IPhone users will be able to search the Web without removing their gloves to type or pose questions like "Where's the nearest Starbucks?"

Google's mobile search application for Apple's iPhone, Google Mobile, soon will be able to return text search results requested by voice queries.

Apple is expected to approve an updated version of Google Mobile (iTunes link) on Friday and make it available in its iTunes Store as a free download. Google expects to publish details once that happens, according to a source close to the company.

Speaking with computers has long been a staple of science fiction, but it hasn't proven to be a particularly popular method of interaction outside crash-induced cursing and specific-use cases where keyboard, mouse, and touch screen aren't an option.

Mobile search could be one such use case. Just in time for winter, iPhone users will be able to search the Web without removing their gloves to type.
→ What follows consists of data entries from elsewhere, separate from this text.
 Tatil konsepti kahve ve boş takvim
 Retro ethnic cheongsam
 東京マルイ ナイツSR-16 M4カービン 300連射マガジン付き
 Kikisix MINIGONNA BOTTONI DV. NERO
They will be able to pose questions like "Where's the nearest Starbucks?" on those rare occasions, at least in major urban areas, when one or more Starbucks cannot be plainly seen.
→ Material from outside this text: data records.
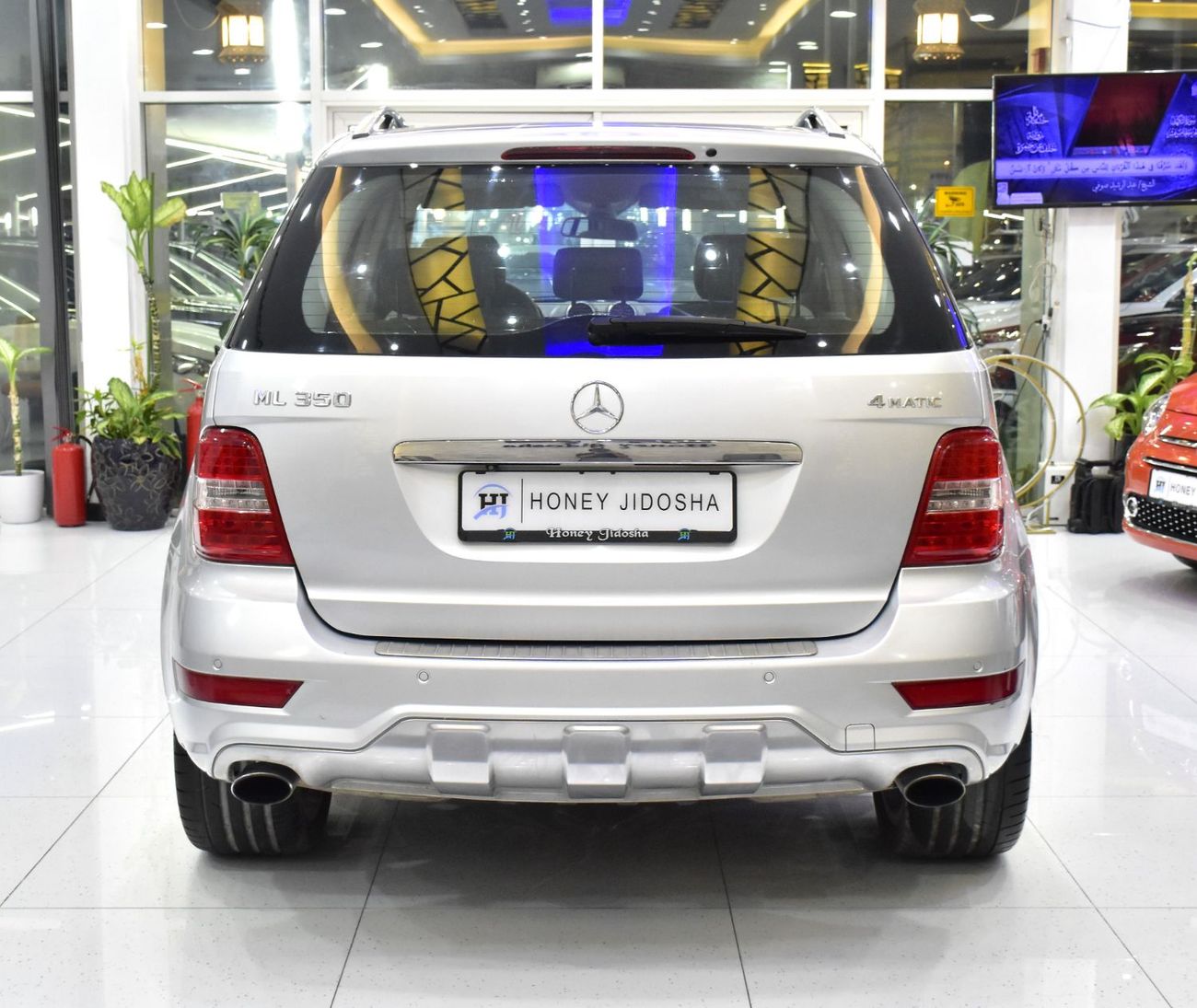 مرسيدس بنز ML 350 EXCELLENT DEAL for our Mercedes Benz ML350 4Matic ( 2009 Model ) in Silver Color GCC Specs
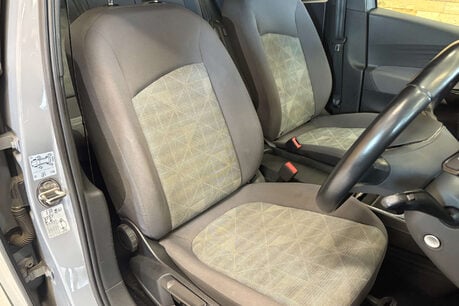 Volkswagen ID.3 Pro Performance 58kWh Life Hatchback 5dr Electric Auto (204 ps) 25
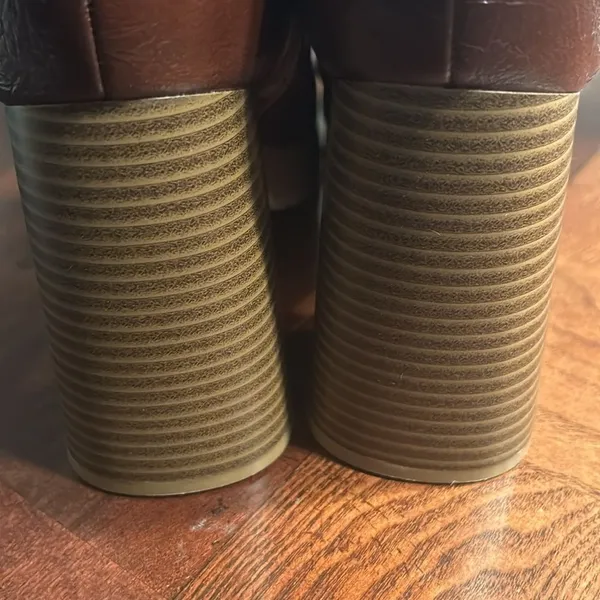 Guess Brown Leather Ankle Boots(Size 9.5M) - Image 8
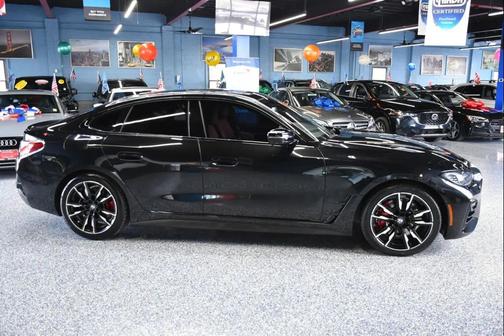 Black Sapphire Metallic 2022 BMW M440 i xDrive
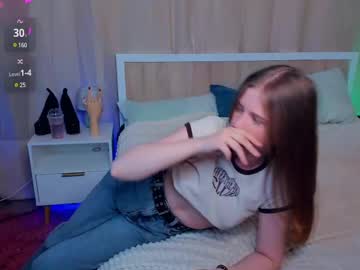 girl
        synnovebelch cam image #28536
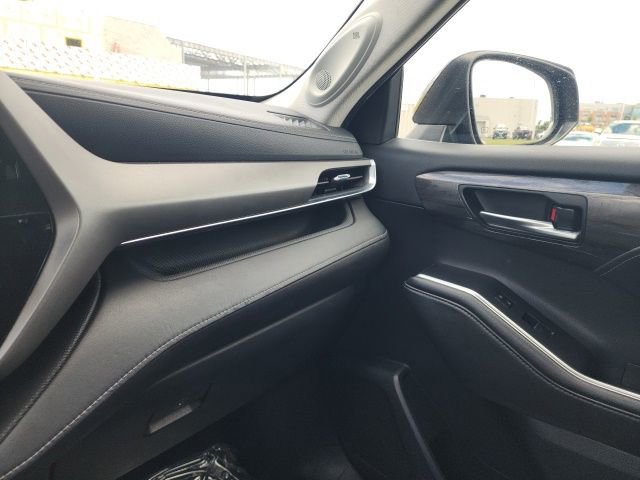 Used 2020 Toyota Highlander Limited image 25
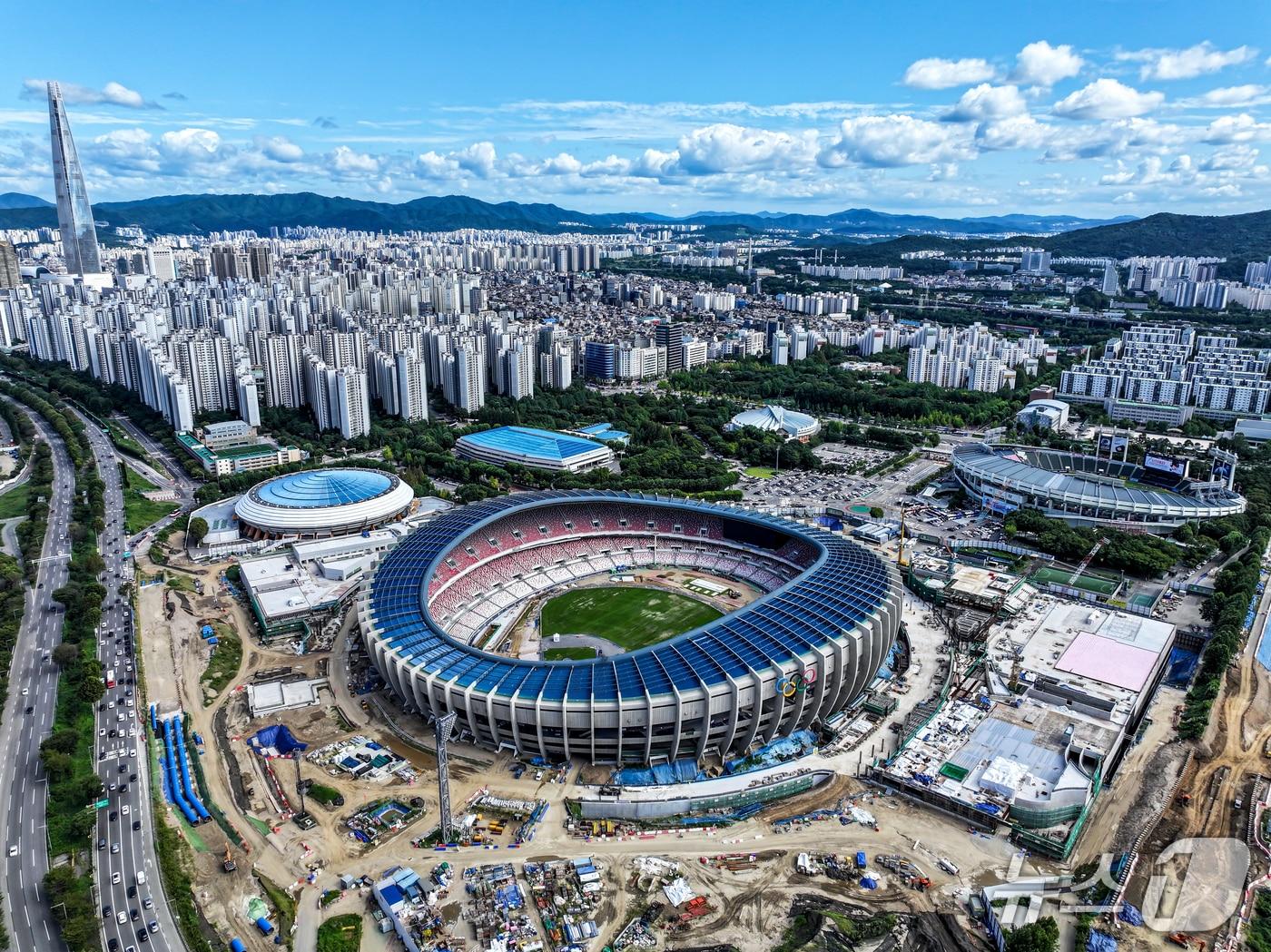 본문 이미지 - 파란 하늘 아래 잠실주경기장. 2026.9.6 ⓒ 뉴스1 김진환 기자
Google is somewhat late to the voice-driven search party. Yahoo added voice recognition to its OneSearch mobile application in April. Microsoft's Live Search for Windows Mobile has had voice recognition since October, 2007.

Nonetheless, because Apple iPhone owners have tended to use Web and mobile applications more than owners of other smartphones, the Google Mobile app probably will field more voice queries than its competition in the coming months and perhaps collect more mobile search revenue as a result.
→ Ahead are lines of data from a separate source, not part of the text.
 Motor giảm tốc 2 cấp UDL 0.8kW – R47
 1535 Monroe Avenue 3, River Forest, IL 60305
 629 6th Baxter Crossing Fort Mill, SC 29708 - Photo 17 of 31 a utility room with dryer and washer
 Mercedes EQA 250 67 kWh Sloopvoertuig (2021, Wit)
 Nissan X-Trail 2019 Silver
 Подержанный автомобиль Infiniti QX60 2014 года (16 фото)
At the recent Web 2.0 Summit, developers and venture capitalists were bullish on the iPhone's future prospects, despite the overall economic climate. Raven Zachary, an iPhone developer and consultant, said during a panel discussion that 74% of mobile Web traffic originates from the 15 million to 20 million iPhones and Wi-Fi-enabled iPod Touches.

During a conference call for Google investors in July, company co-founder Sergey Brin noted that devices like the iPhone generate 30 times more searches than conventional mobile phones.

Earlier this week, Google redesigned its search results page formatting for searches done through the mobile version of, accessed via Safari on the iPhone. Local search results now include easier-to-use click-to-call links and "Get Directions" buttons, as well as Google Maps images by default.